The Espoo city track will improve the quality of both short-distance and long-distance traffic – construction design to begin

The Finnish Transport Infrastructure Agency and Proxion have signed an agreement worth more than 2 million euros for the construction design of the Tuomarila – Kauklahti section of the Espoo city track. The railway project will increase the level of commuter train traffic and reduce traffic disruptions on the Helsinki-Turku connection. A-Insinöörit acts as Proxion’s sub-consultant in the designing of a large-scale joint project between the Finnish Transport Infrastructure Agency, Espoo and Kauniainen.

The Finnish Transport Infrastructure Agency and Proxion signed an agreement worth approximately EUR 2.3 million for the design of a city track in the city of Espoo on Monday, February 22nd. The city track will respond to the growth in passenger numbers by improving the service level and punctuality of local and long-distance train traffic. At the same time, the project will significantly develop the urban environment of Espoo and Kauniainen.
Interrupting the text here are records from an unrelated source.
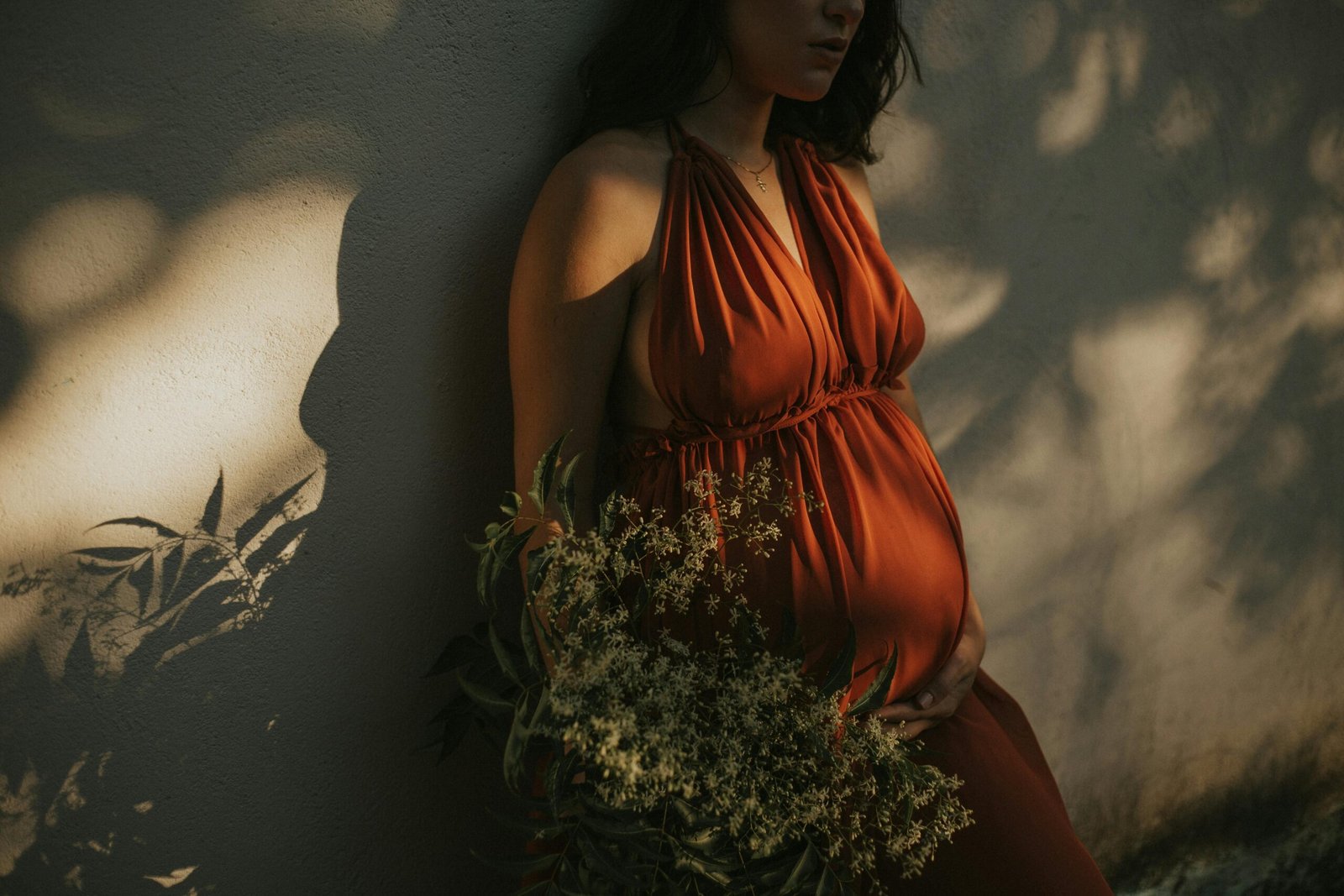 A pregnant mother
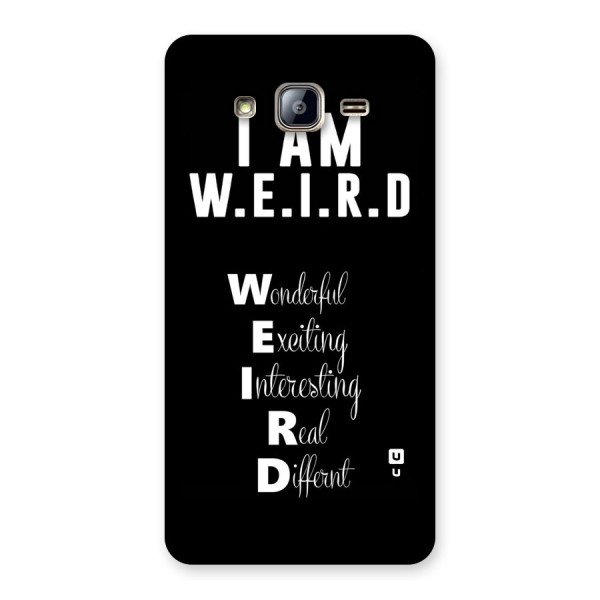 Weird Me Back Case for Galaxy On5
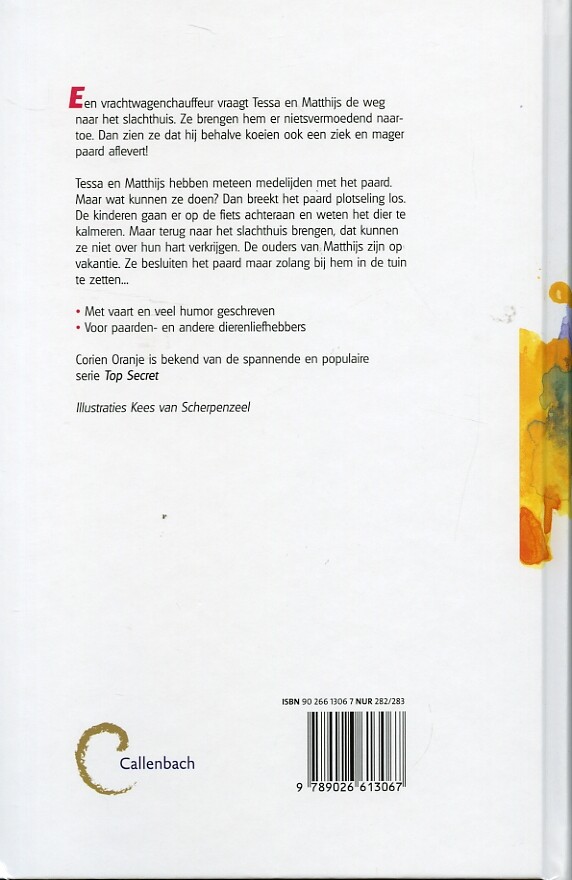 Paard ontsnapt achterkant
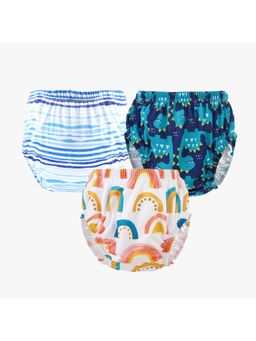 Chinmay Kids - Npanty62 Baby Panty Boys and Girls Reusable Waterproof Printed Panty (Pack of 3)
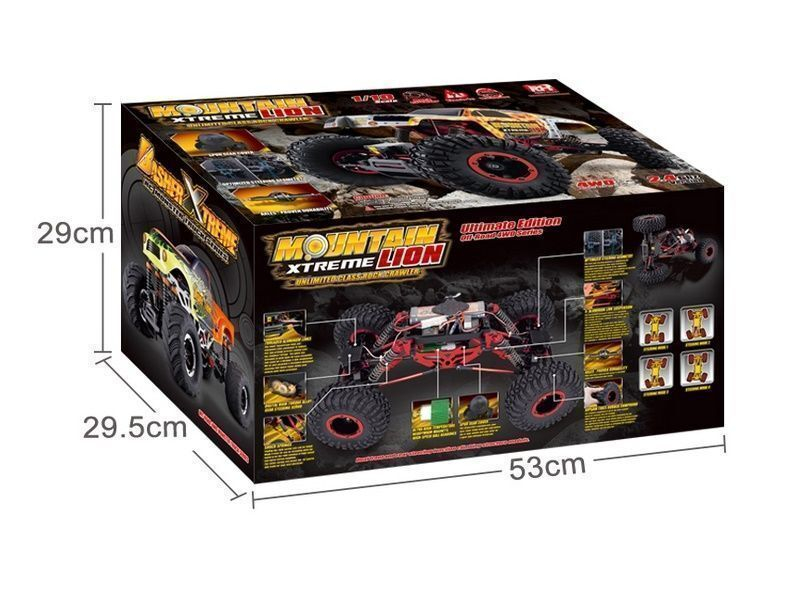 Радиоуправляемый краулер Remo Hobby Mountain Lion Xtreme 4WD 2.4G 1/10 RTR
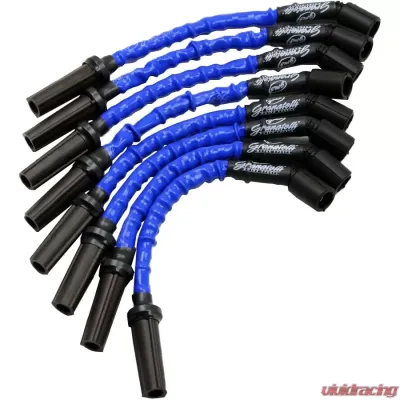 Granatelli Motorsports Hi-Perf C-N-P Ignition Wire Connector Kit w/ Blue High Temp Silicone Jacketing - 28-1545HTBL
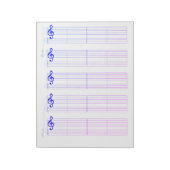 Bloc-note Staff & Ukulele Tab Paper – Printable Template (Tourné)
The city track is also the first phase of the Turku high-speed train connection, i.e. the one-hour train project.

– With the help of two new tracks, we will be able to separate long-distance and local traffic onto their own tracks. “In this way, we will reduce the susceptibility of rail traffic to disturbances and we can increase the interval of local traffic to resemble the subway,” says project manager Tommi Rosenvall from the Finnish Transport Infrastructure Agency.

In a demanding joint project between the Finnish Transport Infrastructure Agency, Espoo and Kauniainen, two additional tracks will be built between Leppävaara and Kauklahti next to the existing tracks, the facility level of eight stations will be improved and access parking areas will be developed.



The project will be implemented on the terms of construction and traffic


Coordinating the work phases of a railway project with continuous train traffic in a dense urban environment is a challenge that requires careful design solutions in addition to clear communication. The main consultant for the design project is Proxion, which is responsible for the design of the city track in the Espoo city area from the Tuomarila overpass to Kauklahti together with A-Insinöörit.

– The current track is located in a dense urban environment, so the construction of two new tracks will also pose challenges on the planning table. “With all design solutions, we aim to reduce and prevent traffic disruptions during construction, both for rail traffic and for soft and vehicle traffic,” states Mikko Saarinen, Business Director of Proxion.

– The Espoo city track is a versatile design project, the success of which depends on smooth cooperation with the Finnish Transport Infrastructure Agency and the other stakeholders. “It is very important for Proxion to be involved in the top projects of Finnish rail traffic, which develop our railway system and streamline both local and long-distance traffic,” Saarinen continues.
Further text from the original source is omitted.